Saturday, November 29, 2008
Is the bear just playing dead?
TheStar.com - Business - Is the bear just playing dead?
Despite bargain hunting, sudden burst of optimism, the answer really does depend on whom you ask
November 29, 2008 James Daw
Global stock markets shot higher this week, producing the sort of quick gains that most investors would be delighted to see in an entire year.
Toronto S&P/TSX composite index rose nearly 14 per cent, while New York's S&P 500 and Dow Jones industrial average rose roughly 12 per cent and 10 per cent respectively.
These gains barely dented the losses of recent months, but the sudden burst of optimism and bargain hunting may have you asking: Is the bear market over? Has the next bull cycle begun?
The answer will depend on whom you ask, but it's safe to say nobody knows for sure. We've been hit by too many shocks in a matter of weeks to think they will be the last.
Bob Gorman, chief portfolio strategist at TD Waterhouse, thinks major markets are roughly in the range of what could turn out to be the true bottom, even if this week's gains are quickly wiped out over the next few weeks.
"We had lows in October, then we recently revisited those lows a little more than a week ago – and those sorts of levels represent pretty cheap prices," he said yesterday. "We will probably find a bottom around those levels."
But that's not what Robert Prechter Jr. and his acolytes at Elliott Wave International Inc. in Gainesville, Ga., are thinking. Their theory is that if you, dear reader, still care the slightest about stock prices, they still have a long way to fall.

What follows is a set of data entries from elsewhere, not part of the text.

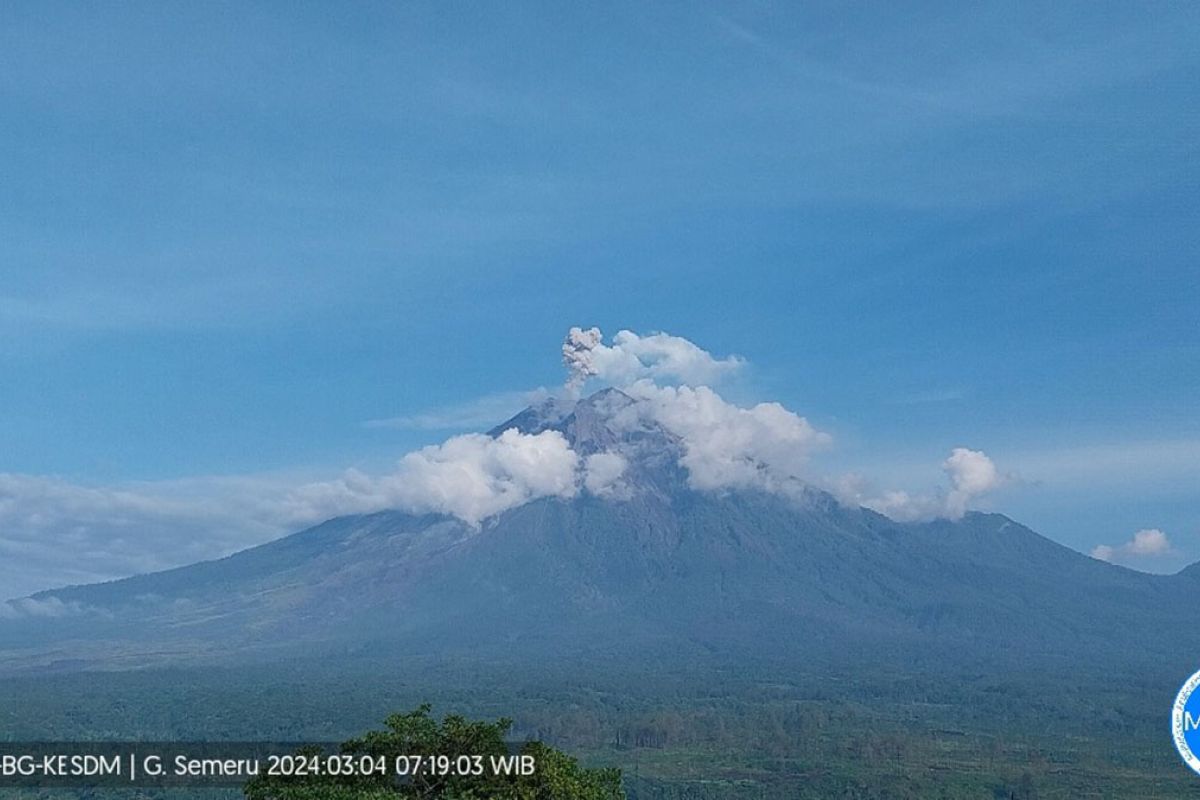 Gunung Semeru erupsi beberapa kali dalam sehari
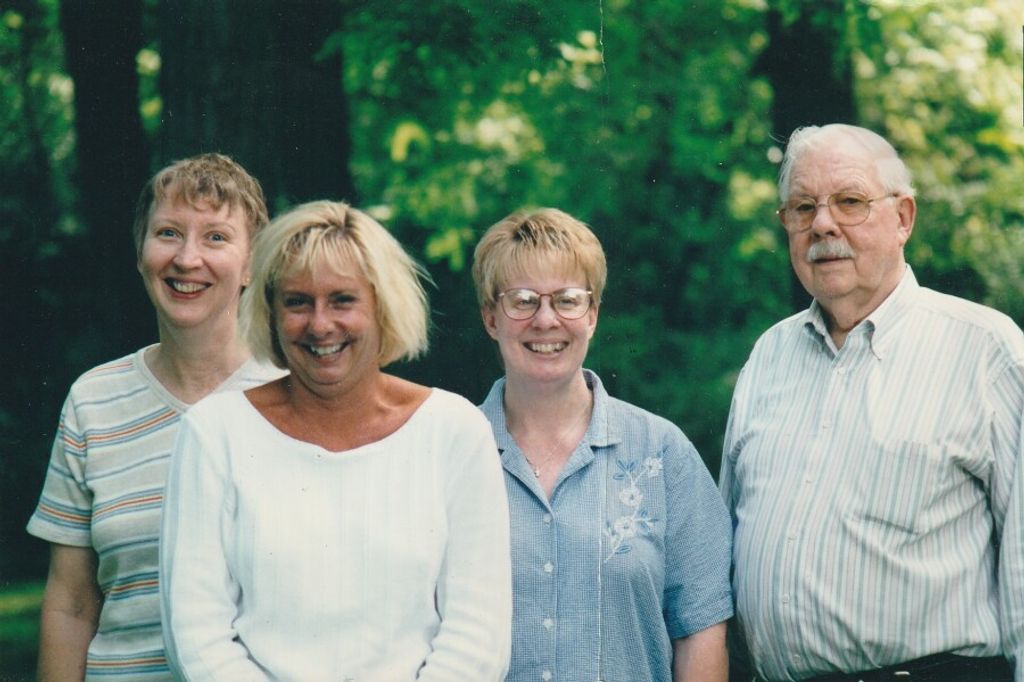 Linda Andrews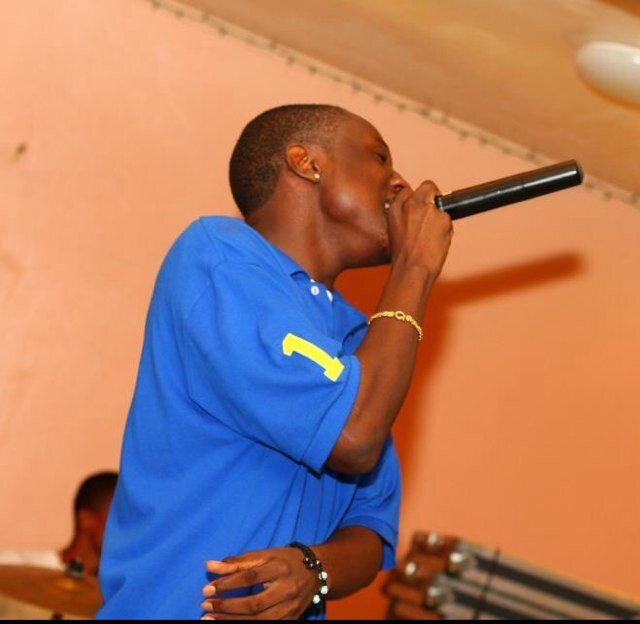 Musician/chef.....        Lead vocalist @BetterVibezBand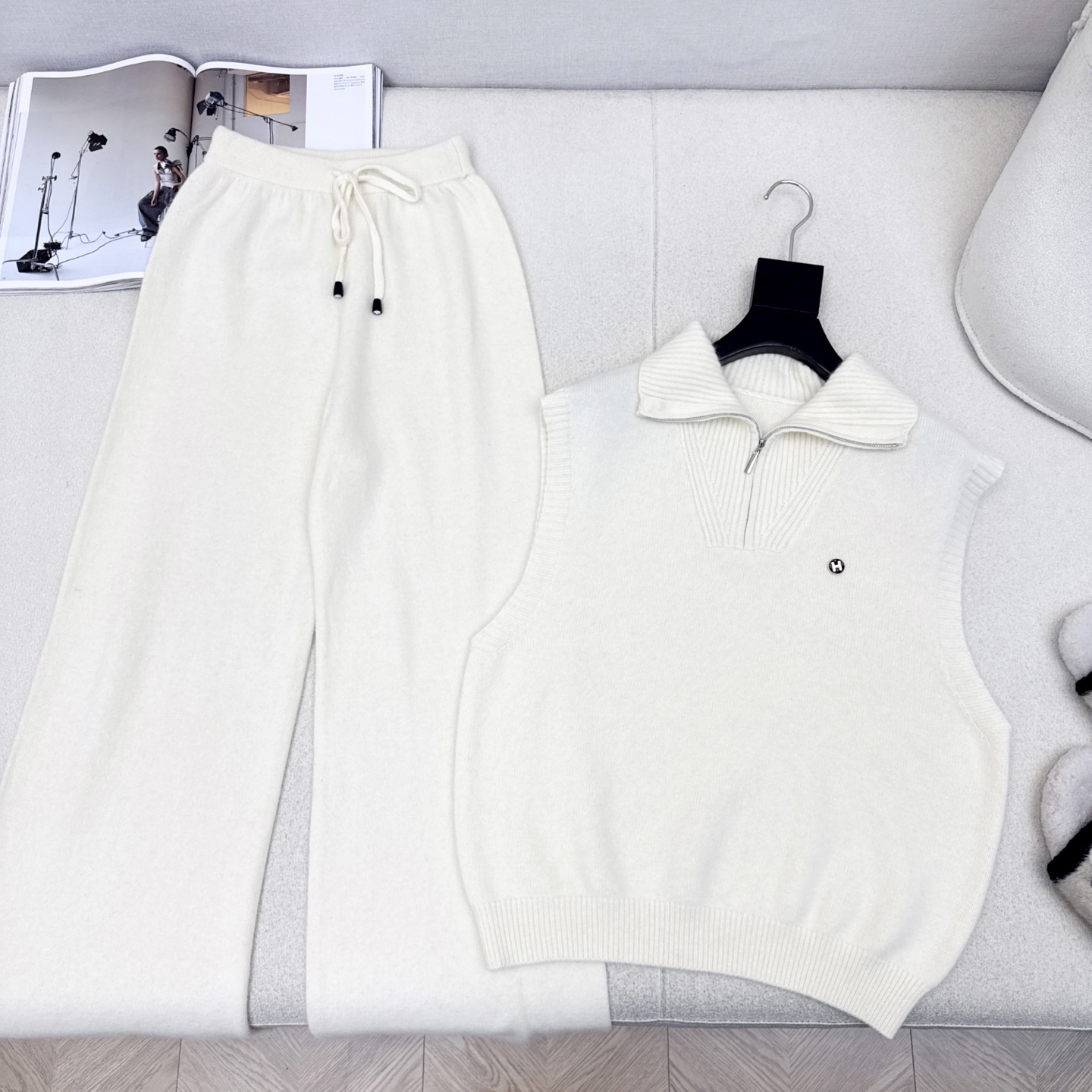Her 25Ss———秋冬最新款慵懒风羊毛套装🤎半开襟羊毛无袖毛衣+松紧腰直筒裤 百分百精纺羊毛纱线面料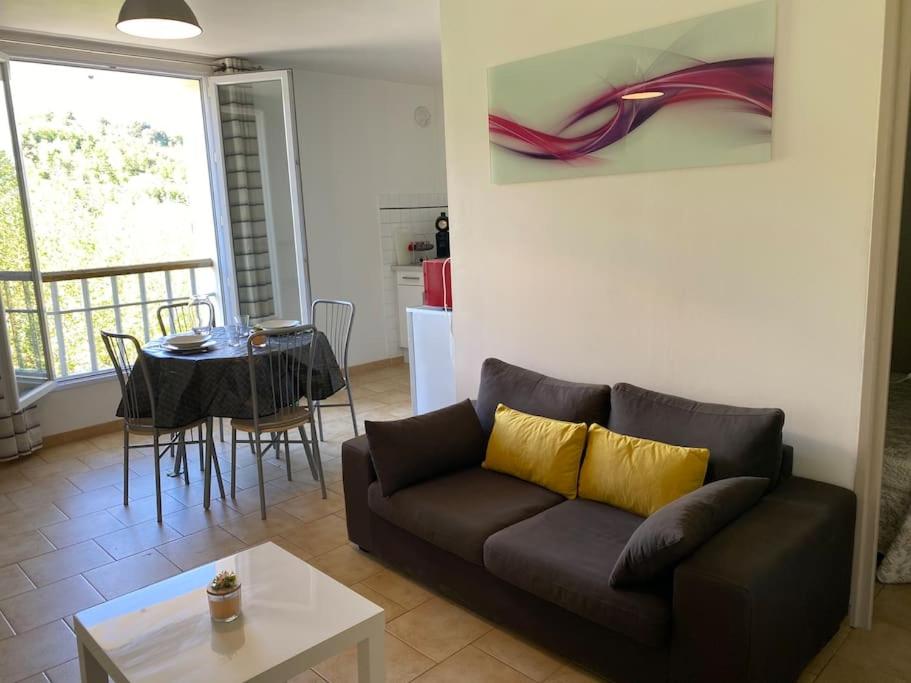 Appartement avec parking à 2 pas du port & plage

The author of Conquer The Crash, published in 2002, plus a dozen other books and hundreds of newsletter commentaries has persuaded his true followers not to declare this bear market over until we see the "outright death of the equity culture."
Prechter has forecast all manner of sweeping social developments during this latest "supercycle" of extreme pessimism, including the rise of socialism in the U.S., the collapse of America's social security system, lower hem lines, violent race relations and a decline in the popularity of restaurants and Shakespeare.
Hey, I'm not making this stuff up; he is.
But so far in 2008, Prechter and his crew have declared themselves more right than wrong about sharply falling stock prices, the peaks and declines of oil and gold and the depressing economic downturn.
Back in the mainstream, Gorman frankly admits he was wrong to predict last year that 2008 would see North American stock markets rise for the sixth year in row. Even after this week's gains, markets have fallen by a third or more.
It is clearer now that economic hardship lies ahead. Yet he argues stock prices are tantalizingly inexpensive. Even if profits fall by a quarter more than stock analysts expect, current stock prices would be only about 12 times those lower earnings.
"That is not terribly expensive," he argues.
Meanwhile, Gorman points out, U.S. institutions and retail investors are sitting on about $3.7 trillion in money market funds, equal to about a quarter of the value of U.S. equities. Some of that cash could well move into stocks. Already company insiders are buying twice the volume of shares they are selling, he says.
Those and other positive signs considered, Gorm an says that he expects markets to be about 14 per cent higher by the end of next year. With dividends, total investment returns would be somewhat higher.
"When you go through a bear market, it tends to be much shorter than a bull market," Gorman says.
"Of course pessimism can get pretty thick, and my view is that it was somewhat overdone. We do have rough economic times ahead, but the market will always look ahead."
Now, if pessimism is all you are feeling, then Prechter is your man. He has predicted stocks will not hit bottom until share prices are only six times earnings per share, and dividend yields are in the range of 17 per cent.
A lot of people would have to turn their backs on stocks before that happened. Poll your friends to see whom they would rather believe.